The cloud didn’t work out as economically cheaper in the beginning, but it reduced the technical hurdles and cost to implement and maintain a solution for people who didn’t have the infrastructure in place. The risk reduction came in the form of preventing technical risk during implementation, reduced the dependency on local resources, and the fact it could prevent unexpected costs (you don’t need to replace hardware) was worth the additional cost per month. You can run a home brew “cloud” for cheaper than many solutions (though it’s getting harder with the razor thin margins), but even professionals tend to favor the cloud.
By abstracting a solution into an offering, you reduce the cost to maintain it. If a drive pops on a cloud environment, it’s the host’s problem. Companies want the liability and risk pushed off onto someone else. How can you be that solution without fronting too much of the risk? Becoming the glue which connects their disparate systems into one platform can be the offering they need.
Application and Practice
How do your offerings look and what solution do they provide? What itch do they scratch and how do they benefit a potential client? If you can’t answer these questions (even at a surface level) instantly after learning about a business, you need to reconsider how you’re doing things.
Another consideration is who you’re dealing with when selling to a business. A business can be composed of one or more different individuals with different levels of experience and knowledge. How do you explain your solution to who you’re working with without compromising what it does?

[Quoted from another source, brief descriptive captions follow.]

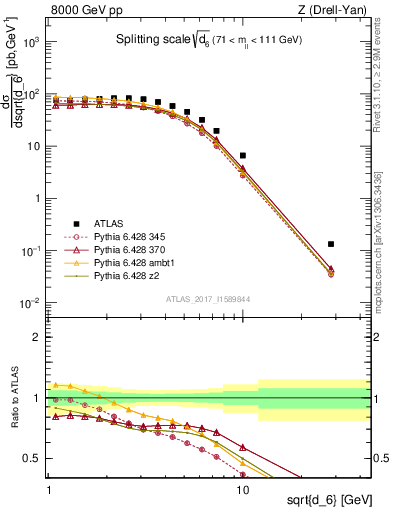 Plot of d6 in 8000 GeV pp collisions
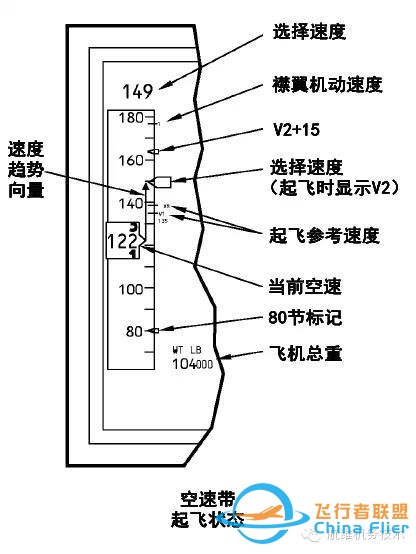 波音737NG駕駛艙主飛行顯示器(PFD)圖文詳解（一）空速-1597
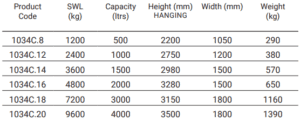 Column Concrete Skip Data Chart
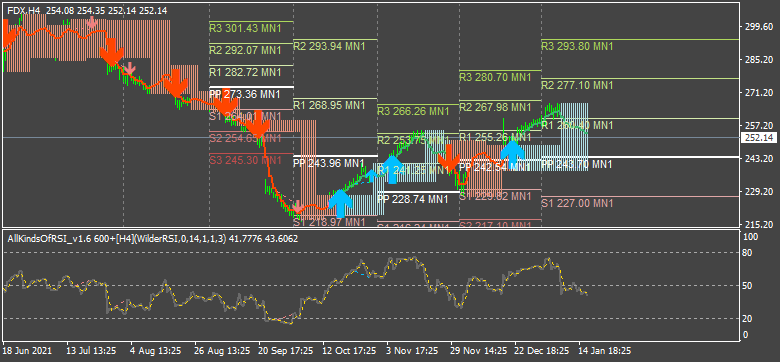 Forex Strategies-fdx-h4-triple-experts.png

On the other hand, if someone you’re dealing with just doesn’t get it, what’s stopping you from getting in touch with someone else? Getting your foot in the door in the first place tends to be the hard part. Done right, you can seal the deal by targeting a different individual in the whole of the business.
Even businesses with dedicated IT staff may want to outsource parts of their business. If you can’t win the whole business, what’s to say you can’t win a part? Companies with full help desks may still hire an MSP to handle the pieces they don’t want to manage. The question then becomes is it profitable enough to do?
This list isn’t exhaustive, but it touches on the biggest weaknesses of many MSPs’ current B2B sales strategies. Clients may want you to fill the gap the last technical company left, but you won’t get far if you don’t think in terms of how you can solve their technical problems, especially the ones they’re unaware of. Technology is complex, and they want to shop on what makes their job easier, not what it does in absolute terms while reducing their risk to unpredictable expenses.
Once you find how to put these pieces together, you sell on the value you and your service provide rather than selling a gear in the system. Make yourself indispensable to your client while making your sales easier. A gear can be easily replaced, but the whole system can’t. Become the force which helps your client realize and manifest their technical dreams as a reality and both of you will profit.